=== Task item ===
Keeping pictures out, repeat the lines of the listing below exactly, starting at its first line and finishing with the one that holds "2363 Shoshone Road".

═════ Exercise inputs ═════

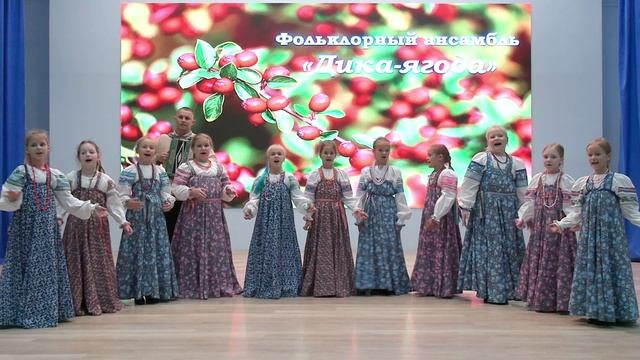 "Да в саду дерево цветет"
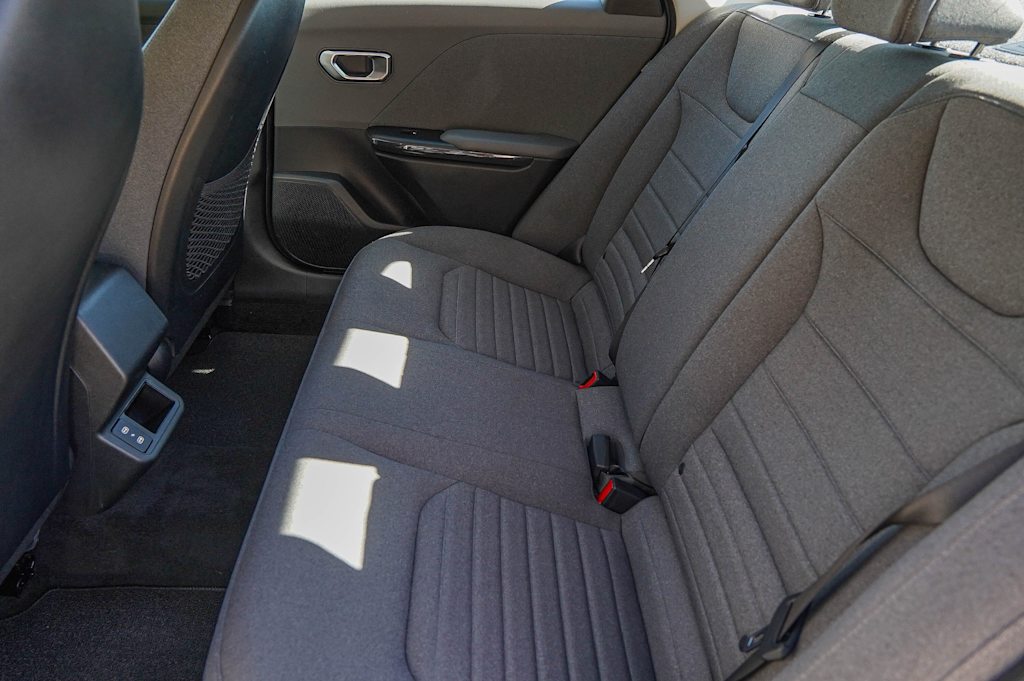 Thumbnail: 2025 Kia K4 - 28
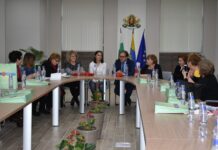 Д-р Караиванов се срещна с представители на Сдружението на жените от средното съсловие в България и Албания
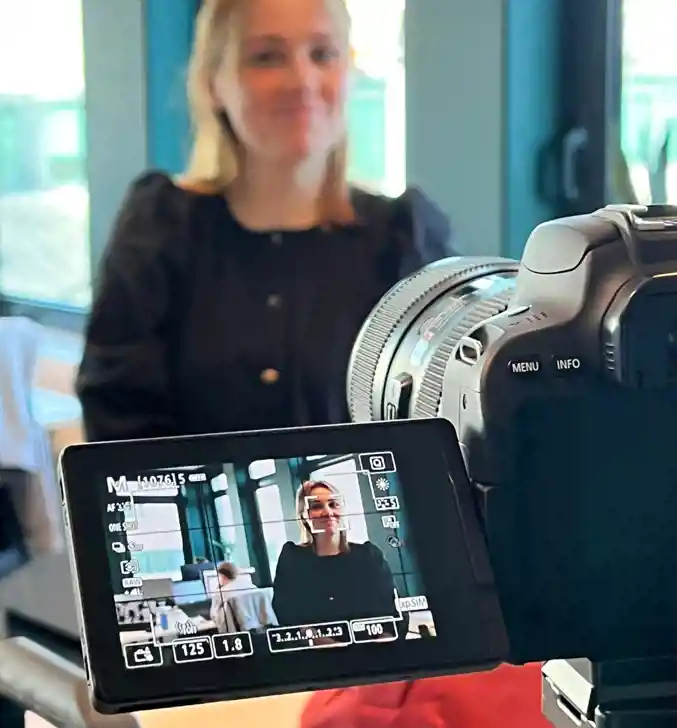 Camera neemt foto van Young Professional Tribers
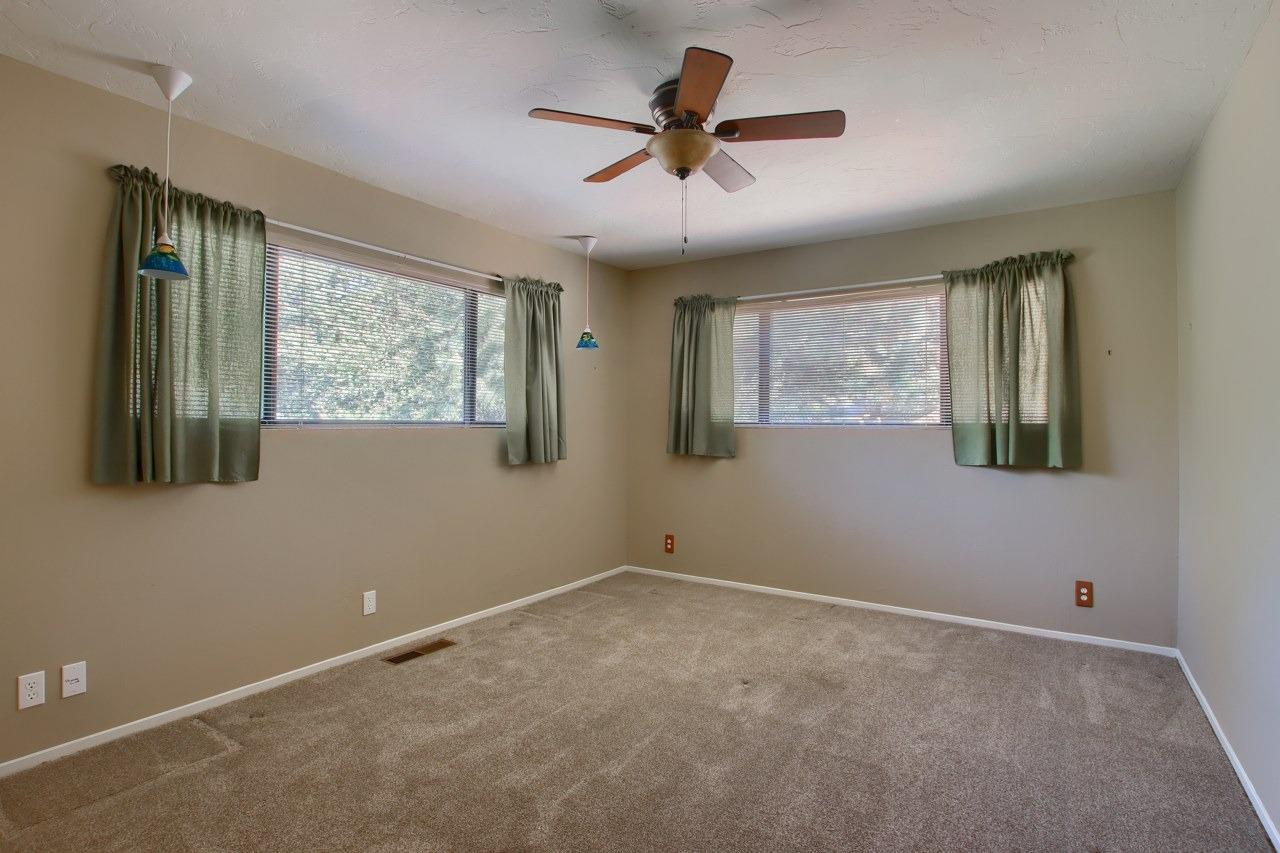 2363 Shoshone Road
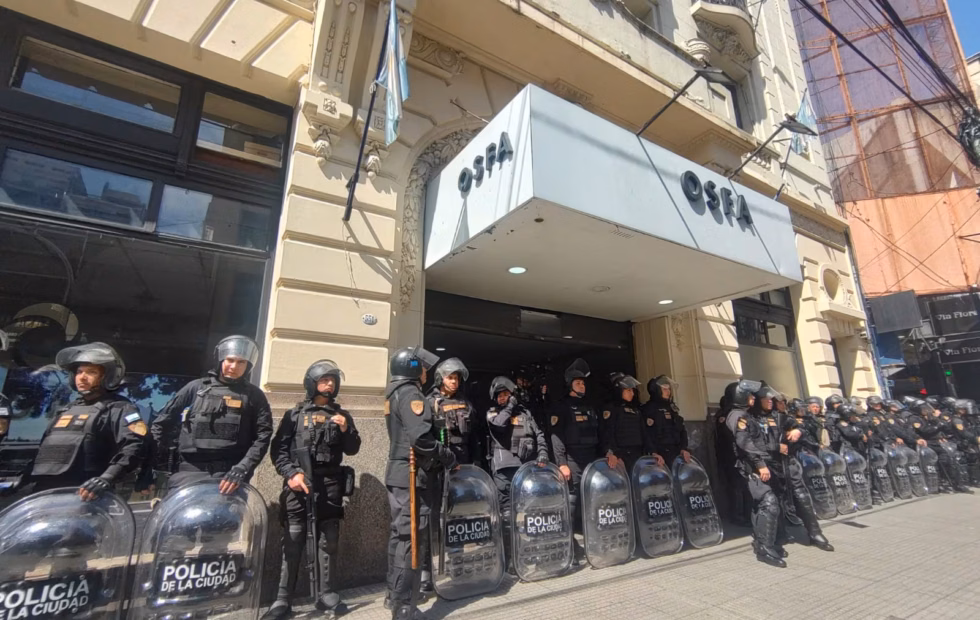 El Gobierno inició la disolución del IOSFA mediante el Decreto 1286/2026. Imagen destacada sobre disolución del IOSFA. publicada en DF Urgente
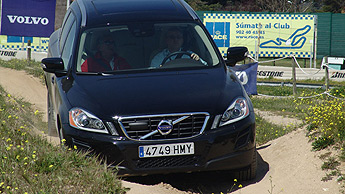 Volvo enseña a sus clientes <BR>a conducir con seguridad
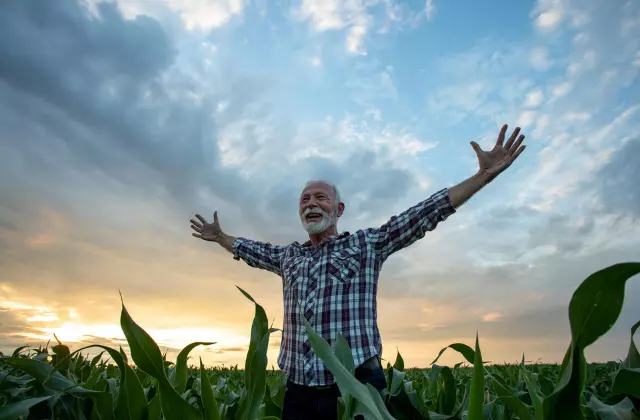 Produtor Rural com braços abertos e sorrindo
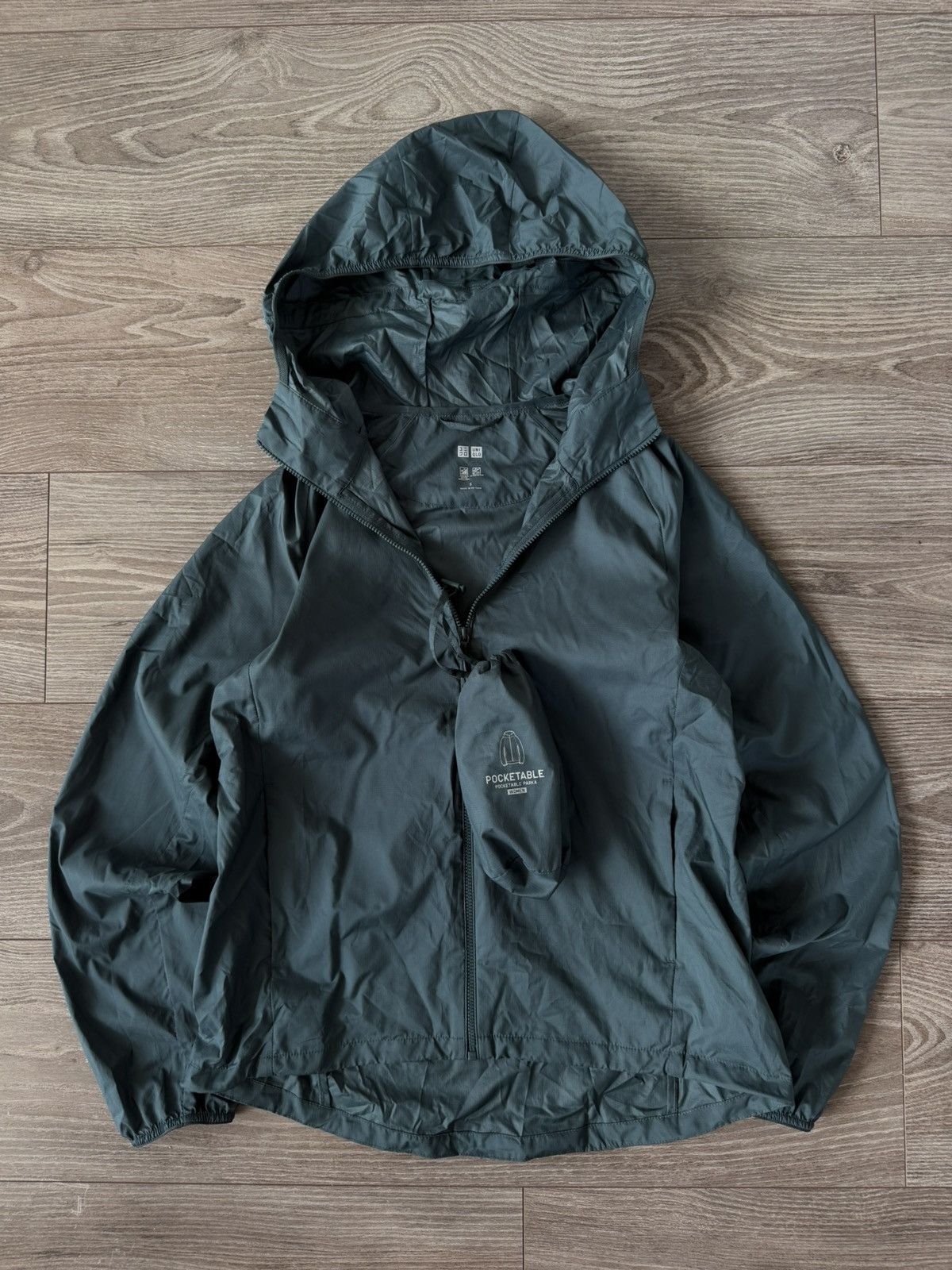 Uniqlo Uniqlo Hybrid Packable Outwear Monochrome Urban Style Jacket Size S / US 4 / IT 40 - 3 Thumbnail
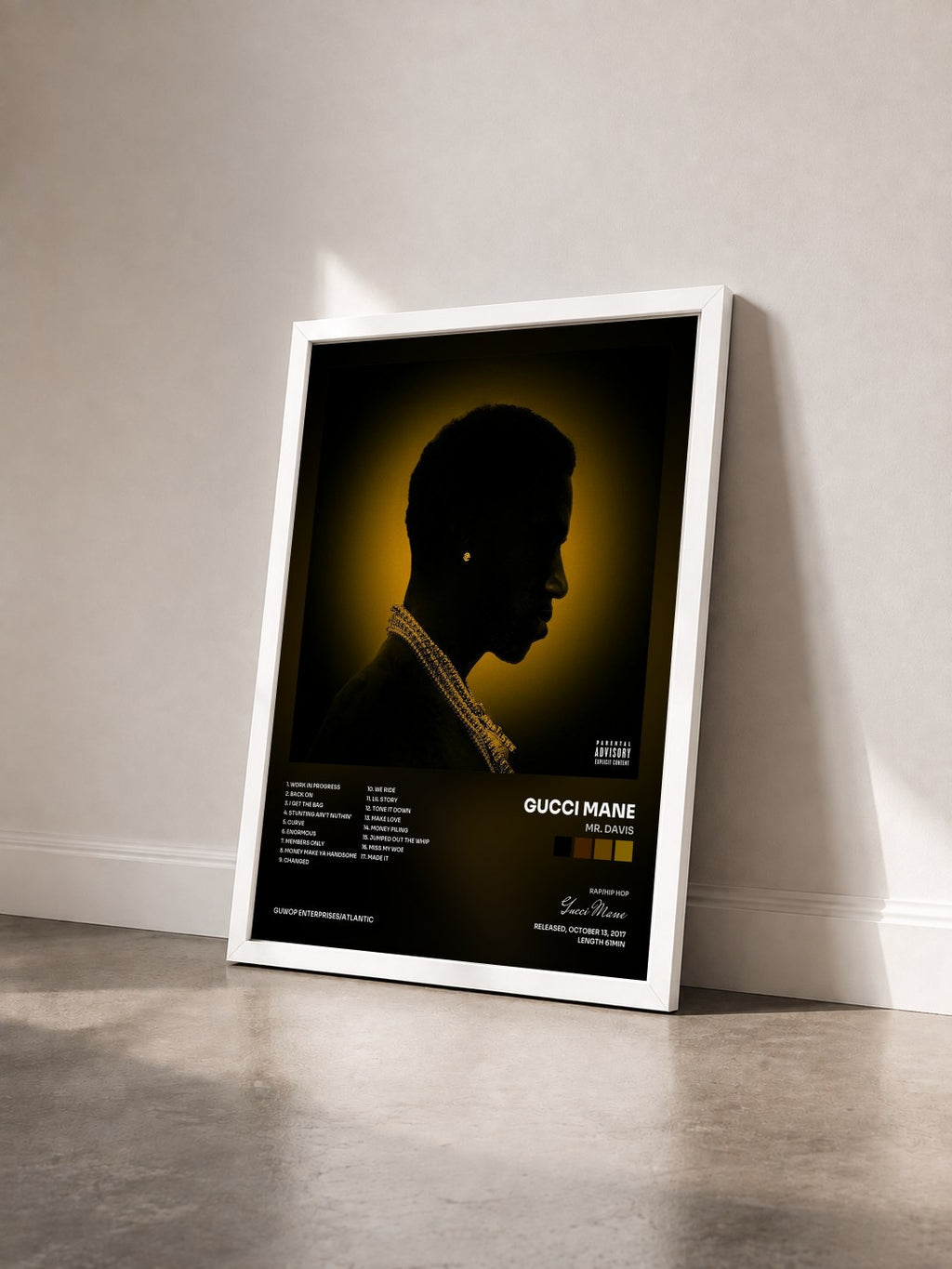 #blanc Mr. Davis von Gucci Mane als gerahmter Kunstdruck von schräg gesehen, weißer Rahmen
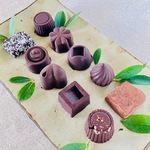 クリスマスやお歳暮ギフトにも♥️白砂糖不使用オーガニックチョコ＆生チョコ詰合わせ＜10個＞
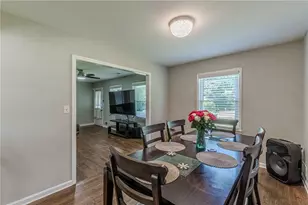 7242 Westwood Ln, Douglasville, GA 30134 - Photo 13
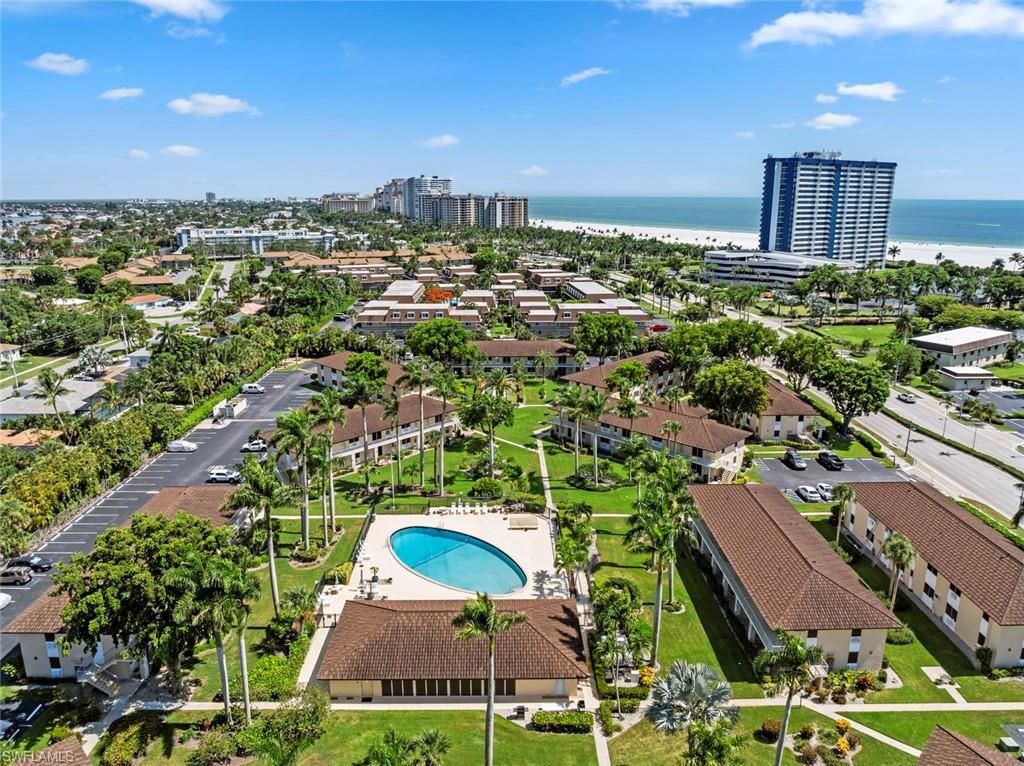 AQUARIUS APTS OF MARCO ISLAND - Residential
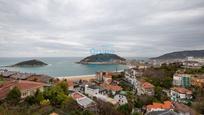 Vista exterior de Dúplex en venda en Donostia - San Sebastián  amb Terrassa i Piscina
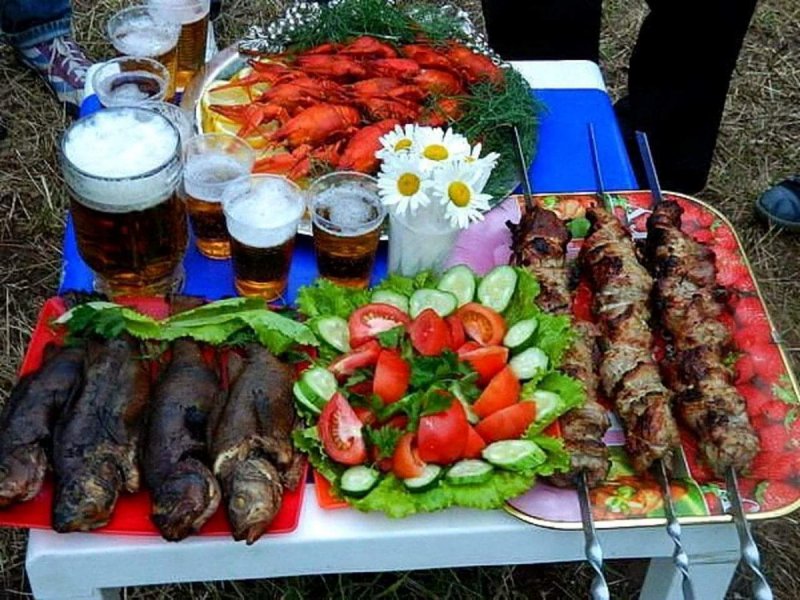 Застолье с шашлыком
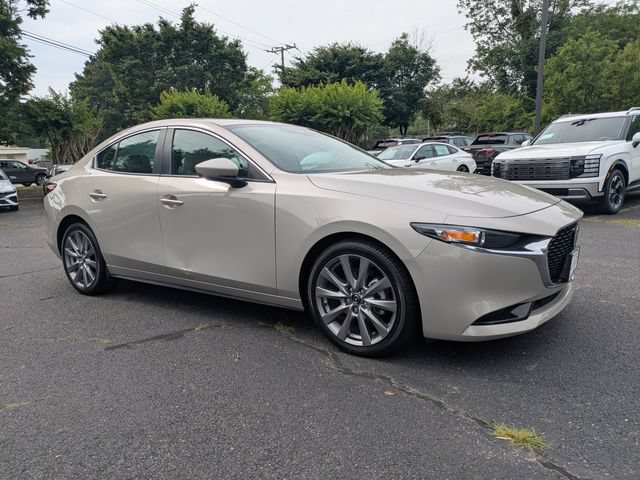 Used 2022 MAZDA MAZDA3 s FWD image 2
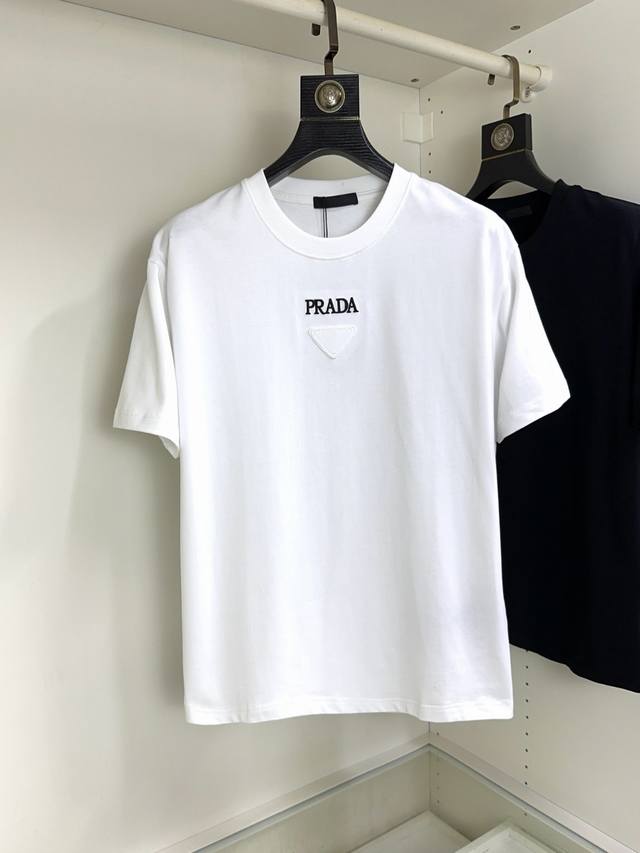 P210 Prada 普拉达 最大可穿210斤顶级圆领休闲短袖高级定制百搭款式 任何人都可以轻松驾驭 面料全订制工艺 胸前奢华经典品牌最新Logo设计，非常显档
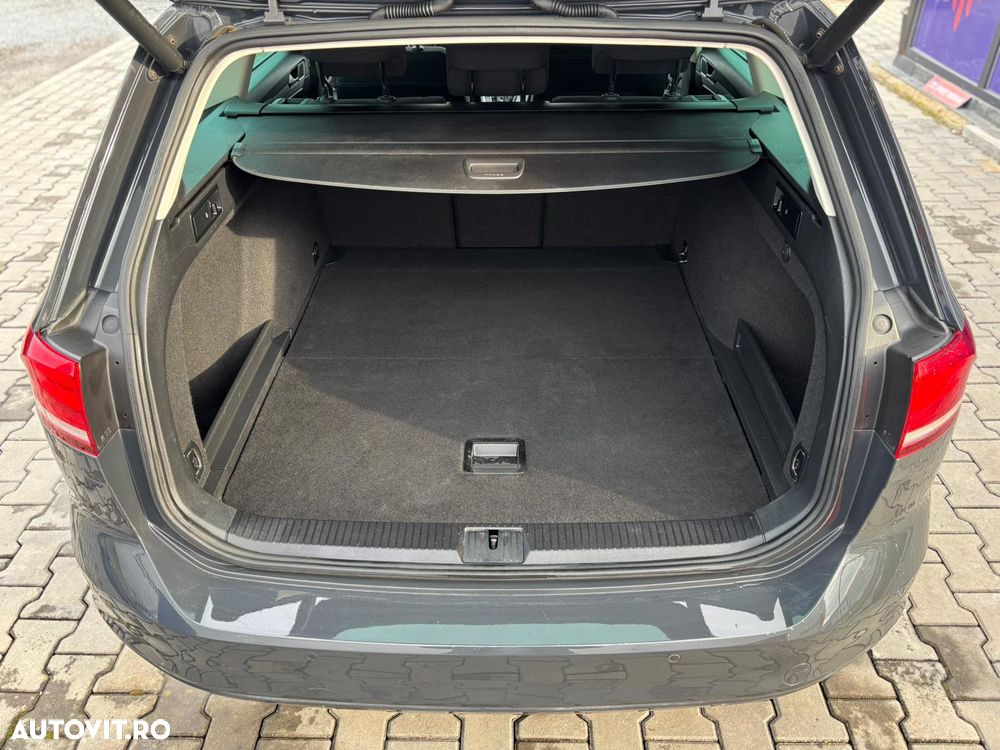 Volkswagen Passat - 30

═════

=== Worked solution ===
 "Да в саду дерево цветет"
 Thumbnail: 2025 Kia K4 - 28
 Д-р Караиванов се срещна с представители на Сдружението на жените от средното съсловие в България и Албания
 Camera neemt foto van Young Professional Tribers
 2363 Shoshone Road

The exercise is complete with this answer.